__________________
Aradan 1 hafta kadar geçmişti. Jay hariç hepsi Jake ile mükemmel bir biçimde anlaşıyordu. Jay ise mümkün olduğunca onunla konuşmaktan kaçıyor veya onunla bir araya gelmemeye çalışıyordu. Elinde olsa gidip müdüre oda değiştirmek istediğini söyleyecekti. Evet, ayrıcalıkları olabilirdi ama onların ayrıcalıkları da bir yere kadardı. O yüzden müdüre ne derse desin boştu.
"Jay-ah!"
"Ne var hyung?" Jay, Jake geldiği günden beri Heeseung'a sinirliydi. Bu yüzden çoğunlukla tersleyerek konuşuyordu.
"Jake bir şeyler dedi ama pek anladım sayılmaz.
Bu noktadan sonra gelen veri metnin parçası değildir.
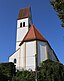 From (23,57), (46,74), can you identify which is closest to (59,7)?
(46,74)

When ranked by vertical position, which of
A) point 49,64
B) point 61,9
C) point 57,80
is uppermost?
point 61,9

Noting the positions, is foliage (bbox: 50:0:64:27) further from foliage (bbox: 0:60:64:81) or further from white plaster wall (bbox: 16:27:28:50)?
white plaster wall (bbox: 16:27:28:50)

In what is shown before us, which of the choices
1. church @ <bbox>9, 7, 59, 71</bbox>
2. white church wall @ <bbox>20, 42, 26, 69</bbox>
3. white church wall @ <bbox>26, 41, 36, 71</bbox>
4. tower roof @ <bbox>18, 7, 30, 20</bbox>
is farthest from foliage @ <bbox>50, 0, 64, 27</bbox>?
tower roof @ <bbox>18, 7, 30, 20</bbox>

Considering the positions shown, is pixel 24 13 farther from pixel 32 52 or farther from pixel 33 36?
pixel 32 52

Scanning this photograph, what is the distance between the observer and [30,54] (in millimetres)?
51469

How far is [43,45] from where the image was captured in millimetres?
53156

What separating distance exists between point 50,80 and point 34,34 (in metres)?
18.2

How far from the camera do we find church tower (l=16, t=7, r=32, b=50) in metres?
65.7

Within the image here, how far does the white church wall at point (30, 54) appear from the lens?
165 feet

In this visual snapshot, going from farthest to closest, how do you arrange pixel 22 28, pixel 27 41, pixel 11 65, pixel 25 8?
pixel 25 8 → pixel 22 28 → pixel 27 41 → pixel 11 65

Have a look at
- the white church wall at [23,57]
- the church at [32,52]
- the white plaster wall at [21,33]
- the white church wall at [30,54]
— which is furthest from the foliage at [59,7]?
the white plaster wall at [21,33]

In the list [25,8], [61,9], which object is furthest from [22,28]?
[61,9]

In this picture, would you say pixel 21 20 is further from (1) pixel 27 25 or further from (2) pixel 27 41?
(2) pixel 27 41

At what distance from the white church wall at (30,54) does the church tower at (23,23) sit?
486 inches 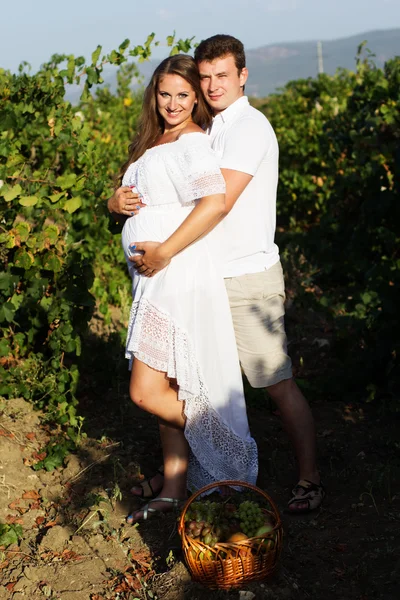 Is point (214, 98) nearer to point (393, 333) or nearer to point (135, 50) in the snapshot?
point (135, 50)

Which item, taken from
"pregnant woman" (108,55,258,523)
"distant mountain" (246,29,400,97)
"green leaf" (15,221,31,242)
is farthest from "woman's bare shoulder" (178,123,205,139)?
"distant mountain" (246,29,400,97)

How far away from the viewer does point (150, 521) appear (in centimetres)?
339

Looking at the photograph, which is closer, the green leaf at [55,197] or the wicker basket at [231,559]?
the wicker basket at [231,559]

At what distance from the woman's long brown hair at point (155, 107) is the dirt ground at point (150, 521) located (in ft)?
5.07

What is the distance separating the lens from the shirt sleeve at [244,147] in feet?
9.98

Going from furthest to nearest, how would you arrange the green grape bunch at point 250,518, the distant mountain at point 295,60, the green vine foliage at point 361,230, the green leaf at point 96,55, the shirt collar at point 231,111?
the distant mountain at point 295,60 < the green vine foliage at point 361,230 < the green leaf at point 96,55 < the shirt collar at point 231,111 < the green grape bunch at point 250,518

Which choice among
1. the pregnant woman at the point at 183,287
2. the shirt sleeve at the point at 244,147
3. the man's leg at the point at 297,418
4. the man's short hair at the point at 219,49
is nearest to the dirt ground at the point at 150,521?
the man's leg at the point at 297,418

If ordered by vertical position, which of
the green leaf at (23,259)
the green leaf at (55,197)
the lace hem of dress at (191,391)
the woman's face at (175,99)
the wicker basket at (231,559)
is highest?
the woman's face at (175,99)

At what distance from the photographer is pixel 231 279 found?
129 inches

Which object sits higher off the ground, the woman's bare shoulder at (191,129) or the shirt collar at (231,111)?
the shirt collar at (231,111)

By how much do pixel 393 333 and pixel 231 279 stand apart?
5.59ft

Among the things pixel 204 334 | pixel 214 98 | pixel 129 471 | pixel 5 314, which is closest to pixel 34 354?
pixel 5 314

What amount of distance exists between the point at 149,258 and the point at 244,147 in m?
0.57

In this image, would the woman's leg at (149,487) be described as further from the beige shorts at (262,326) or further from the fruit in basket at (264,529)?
the fruit in basket at (264,529)
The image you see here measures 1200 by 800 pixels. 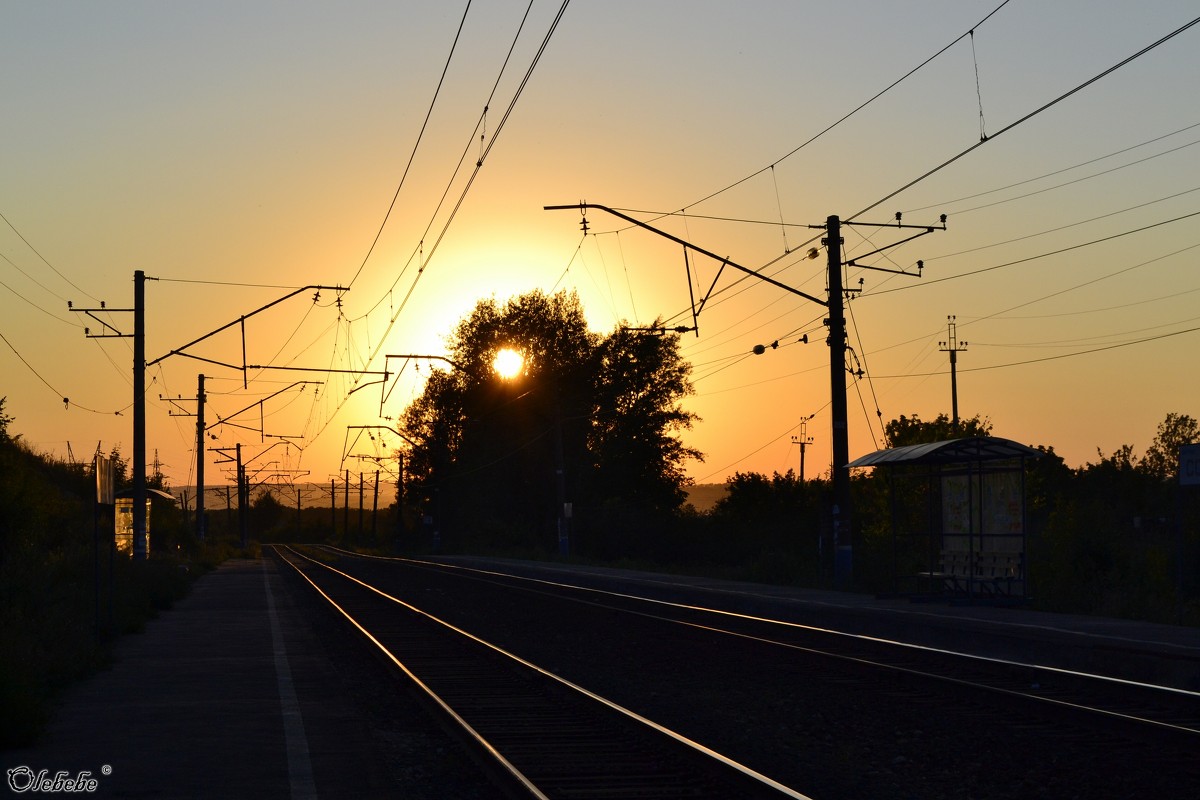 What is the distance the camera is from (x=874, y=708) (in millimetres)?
13461

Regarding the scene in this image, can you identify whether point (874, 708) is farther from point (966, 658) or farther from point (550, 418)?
point (550, 418)

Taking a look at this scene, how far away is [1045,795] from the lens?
9.34 meters

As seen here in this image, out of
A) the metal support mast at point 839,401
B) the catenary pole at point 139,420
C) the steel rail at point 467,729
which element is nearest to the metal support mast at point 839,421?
the metal support mast at point 839,401

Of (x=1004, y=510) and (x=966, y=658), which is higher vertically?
(x=1004, y=510)

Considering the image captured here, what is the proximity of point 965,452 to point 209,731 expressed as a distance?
1778cm

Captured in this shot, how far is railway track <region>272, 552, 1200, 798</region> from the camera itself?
1023 cm

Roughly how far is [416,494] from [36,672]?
8812 centimetres

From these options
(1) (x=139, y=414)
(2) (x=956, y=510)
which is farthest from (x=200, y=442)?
(2) (x=956, y=510)

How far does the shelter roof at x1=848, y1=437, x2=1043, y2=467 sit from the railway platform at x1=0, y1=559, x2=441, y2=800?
480 inches

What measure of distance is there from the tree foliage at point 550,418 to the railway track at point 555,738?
2729 inches

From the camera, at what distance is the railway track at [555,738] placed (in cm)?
919

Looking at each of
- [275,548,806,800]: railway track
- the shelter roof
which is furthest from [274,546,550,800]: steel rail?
the shelter roof

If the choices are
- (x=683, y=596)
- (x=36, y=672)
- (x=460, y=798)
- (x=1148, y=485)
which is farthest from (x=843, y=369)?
(x=1148, y=485)

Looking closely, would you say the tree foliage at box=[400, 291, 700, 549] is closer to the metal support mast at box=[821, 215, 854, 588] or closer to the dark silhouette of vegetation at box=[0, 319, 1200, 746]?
the dark silhouette of vegetation at box=[0, 319, 1200, 746]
Yardım ets-"
"Koskoca Uluslararası okulda okuyup nasıl İngilizce bilmiyorsunuz?" dedi Jay sinirle.
"YA NE YAPAYIM AMERİKA'DA MI YAŞADIM SENİN GİBİ!"
Jay pes etmiş bir şekilde Jake'i dinleyip dediklerini tek tek onlara çevirmeye başlamıştı. Yakında maaş alsa iyi olacaktı. Bir tercüman bile bu kadar çok çeviri yapmıyordu çünkü.
"Şimdi gidiyorum. Bir daha beni boş şeyler için uğraştırmayın!" Heeseung ona durdurmak istese de yapmadı. Eninde sonunda Jay her türlü gidecekti çünkü.
...............................
"BİRDE ONUNLA YEMEK Mİ YİYECEĞİZ? KAFAYI MI YEDİNİZ SİZ?" Jay hiçbir şeyden habersiz bir şekilde yemekhaneye gelmiş ve yemeğini almıştı. Artık neredeyse tapulu malı gibi oldukları masaya oturacakken Jake'i görmesi ile...
"JAY OTUR!" Heeseung sinirle konuştuğunda Sunghoon sırf kavga çıkmaması adına Jay'i oturması için çekmişti.
"Sunghoon sen dur Sunghoon. Hele bir dışarı çıkalım seni anandan çıktığına pişman edeceğim." Jay sadece onun duyabileceği bir tonda konuştuğunda Sunghoon aldırmadan yemeğini yemeye başlamıştı bile.
Jake bu okulda olduğu sürece muhtemelen bunları yaşamaya mecburdu. Sahi okuldan attırmayı denese miydi? Rüşvet verip iftira atabilirdi sonuçta. İmkansız bir şey değildi onun için. Ama kendi insanlığına yakışmazdı bu. Gerçi insan değildi ama...
"Onları tutamıyor, baksanıza." Niki parmağını çubukları tutmakta hâlâ zorlanan Jake'e doğrulttu.
Jay hariç herkes kafasını ona çevirmişti.
"Jake hyung, öyle olmaz. Beni izle."
Sunoo kendi çubukları ile ona yapması gerekenleri adım adım göstermişti. Jake adımları dikkatle takip edip uygulamıştı. Şimdi eskisine nazaran daha iyi yiyebiliyordu.
"Teşekkürler Sunoo."
"Yine de neden bu çubukları kullanmak zorundasınız ki? Çatal daha mantıklı..."
Heeseung açıklama yapmak için uygun kelimeleri aklına getirmeye çalışırken Jungwon konuştu.
"Kültür farkı diyelim." Heeseung ona hayretle bakarken Jake sadece kafasını sallamıştı.
"Sunghoon-ah şunu yemeyeceksen alabilir miyim?" Jay aniden gözlerini Sunghoon'un tabağındaki kimchiye dikmişti.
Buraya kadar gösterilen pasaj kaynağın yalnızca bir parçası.